| WORK REQUEST |
Beginning with the line that holds "Bangkok, Tayland - 28", copy each line to the end of the records exactly, except the pictures.

Collected data:
Segment Open
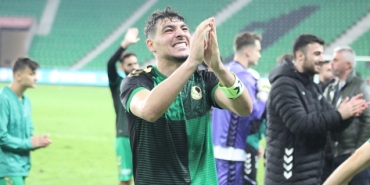 sakaryaspor-da-surpriz-ayrilik_9746a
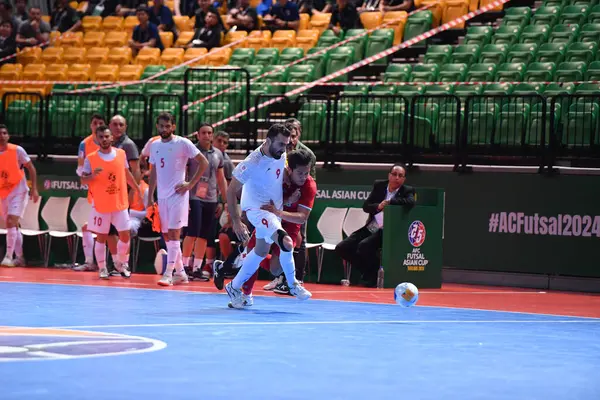 Bangkok, Tayland - 28 Nisan 2024: Saeid Ahmad Abbasi # 9 İran Oyuncusu İran ile Tayland arasında Bangkok Arena 'da oynanan 2024 Asya Kupası sırasında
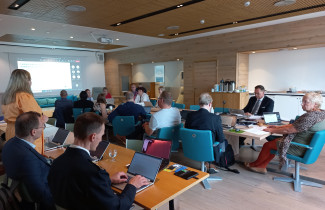 Keski-Suomen hyvinvointialueen aluehallitus kokouksessaan syyskuussa 2023.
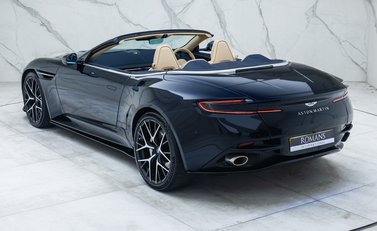 Aston Martin DB12 Volante 15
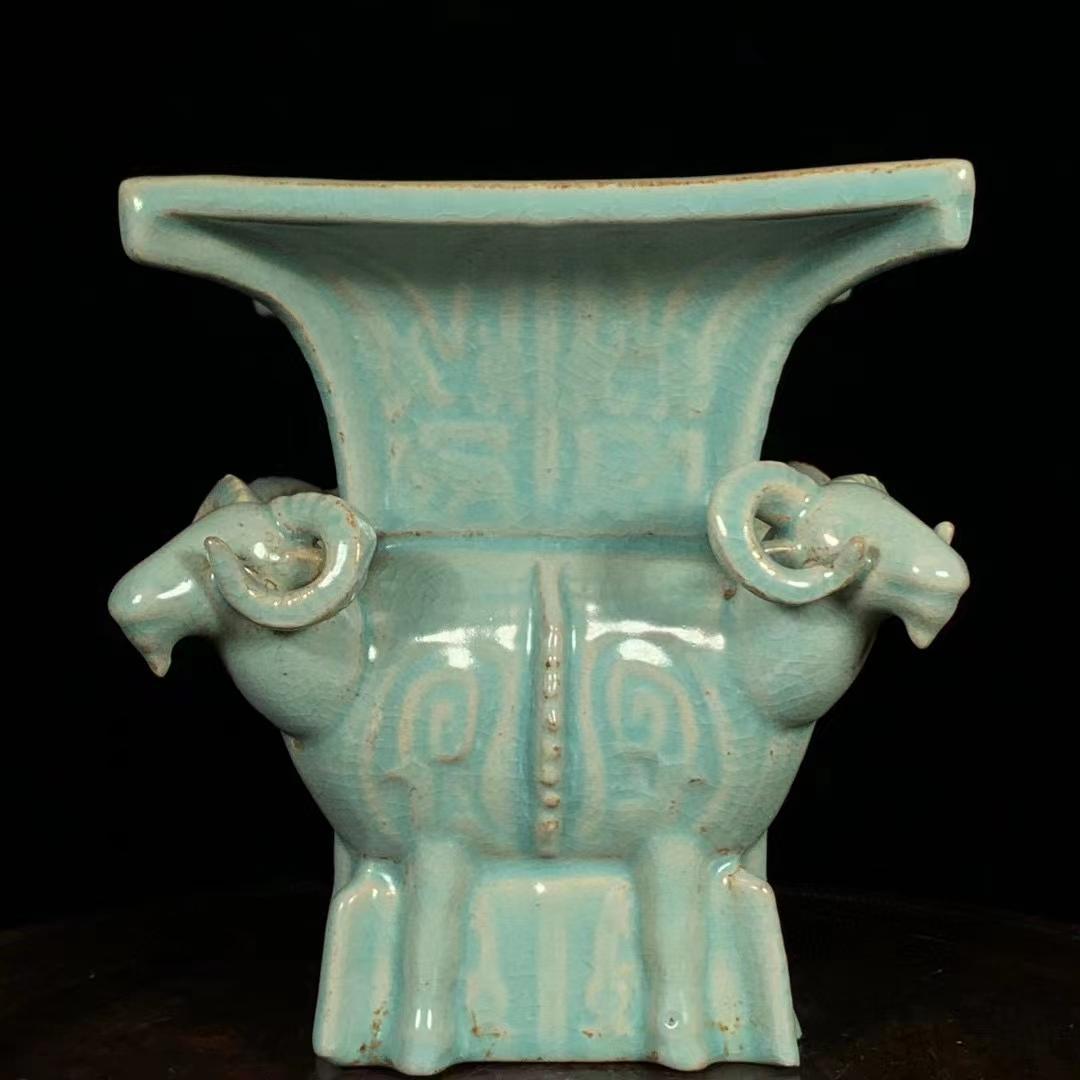 中国古美術・旧蔵の磁器・四羊方尊・16x18cm・書道具・案頭・置物・文房具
Segment Closed
| SOLVED EXERCISE |
 Bangkok, Tayland - 28 Nisan 2024: Saeid Ahmad Abbasi # 9 İran Oyuncusu İran ile Tayland arasında Bangkok Arena 'da oynanan 2024 Asya Kupası sırasında
 Keski-Suomen hyvinvointialueen aluehallitus kokouksessaan syyskuussa 2023.
 Aston Martin DB12 Volante 15
 中国古美術・旧蔵の磁器・四羊方尊・16x18cm・書道具・案頭・置物・文房具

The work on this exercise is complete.